- Directed by: Urban Gad
- Written by: Urban Gad
- Starring: Asta Nielsen; Henny von Hanstein; Emil Albes; Max Obal; Heinrich Peer;
- Cinematography: Guido Seeber
- Production company: Deutsche Bioscop
- Release date: 1911;
- Country: Germany
- Languages: Silent German intertitles

= The Moth (1911 film) =

1911 film directed by Urban Gad

The Moth (German: Nachtfalter) is a 1911 German silent drama film directed and written by Urban Gad. It was the second film that Asta Nielsen made in Germany. The film is considered lost.

==Plot==

Sisters Olga and Martha work together as seamstresses, but Olga is persuaded by comedian Goldmann to run off with him and become a dancer, Olga takes all of her and her sister's savings and flees with Goldmann. Years pass and Olga becomes a celebrated dancer known as Mademoiselle Yvonne. Martha remains a seamstress and marries Felix Dorner, also a tailor. They both live a simple life but after Dorner's business collapses he turns to alcohol, but Martha continues to support him.

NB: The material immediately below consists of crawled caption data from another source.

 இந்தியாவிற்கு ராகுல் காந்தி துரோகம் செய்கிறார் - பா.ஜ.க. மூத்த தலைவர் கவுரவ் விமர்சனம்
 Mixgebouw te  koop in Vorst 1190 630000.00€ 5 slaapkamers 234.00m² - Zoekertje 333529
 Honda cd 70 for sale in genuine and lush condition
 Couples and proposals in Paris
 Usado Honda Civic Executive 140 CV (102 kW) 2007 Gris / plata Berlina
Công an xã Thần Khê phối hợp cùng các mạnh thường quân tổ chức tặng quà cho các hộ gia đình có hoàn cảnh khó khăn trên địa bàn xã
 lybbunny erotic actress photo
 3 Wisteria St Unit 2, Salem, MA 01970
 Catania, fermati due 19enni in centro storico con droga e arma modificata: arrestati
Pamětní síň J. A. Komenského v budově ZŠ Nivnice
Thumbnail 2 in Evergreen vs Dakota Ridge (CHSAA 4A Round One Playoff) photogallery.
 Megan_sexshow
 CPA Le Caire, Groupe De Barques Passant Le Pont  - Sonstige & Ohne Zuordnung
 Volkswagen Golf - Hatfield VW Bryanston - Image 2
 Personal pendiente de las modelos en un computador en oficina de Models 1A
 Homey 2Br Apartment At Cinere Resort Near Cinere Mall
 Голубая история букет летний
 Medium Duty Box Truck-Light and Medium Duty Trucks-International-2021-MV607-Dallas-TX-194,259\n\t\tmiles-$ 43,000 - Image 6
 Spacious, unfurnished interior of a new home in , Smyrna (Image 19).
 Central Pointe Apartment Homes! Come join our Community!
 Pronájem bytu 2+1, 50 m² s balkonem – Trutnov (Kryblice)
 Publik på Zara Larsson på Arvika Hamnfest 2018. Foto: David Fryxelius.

As Mademoiselle Yvonne, Olga lives a carefree life. The wealthy Baron von Malten courts Olga and she is prepared to give up her career as a dancer but first, she must give one last performance in her hometown. Just as she is performing, Felix Dorner inherits a large amount of money. He leaves Martha, who breaks her arm trying to stop him, and can no longer work as a seamstress, but earns money as a flower seller. One day Martha sees her husband in a cafe, he has become Olga's new favourite benefactor due to his wealth and generosity. Martha is enraged and confronts her sister for not only stealing her money but now her husband, Olga is shocked and begs her sister for forgiveness. Olga is emotionally shattered and rushes off and kills herself. Beside Olga's open casket, Martha and Felix reconcile, just as Olga had wished in her will.

==Cast==

- Asta Nielsen as Olga, also known as Mademoiselle Yvonne
- Henny von Hanstein as Martha, Olga's sister
- Emil Albes as Felix Dorner
- Max Obal as Goldmann, a vaudeville comedian
- Heinrich Peer as Baron von Malten

==Production==

In 1910, Asta Nielsen made The Abyss directed by Urban Gad, the film was a success but there were no film offers in Denmark for either Nielsen or Gad. Gad contacted Deutsche Bioscop, which offered Nielsen a contract for two films. Although Gad's collaboration was not included in the contract, he accompanied Nielsen to Berlin. He eventually took over directing Gipsy Blood and The Moth without payment. He only later received payment for the scripts he wrote for both films. It was shot at the Deutsche Bioscop studios at 123 Chausseestraße in Berlin.

The Moth was 800 metres long, it was reviewed by censors and banned for young people on April 6, 1911. The film premiered on May 13, 1911, in Germany and May 29, 1911, in Denmark. There is no known surviving copy of the film.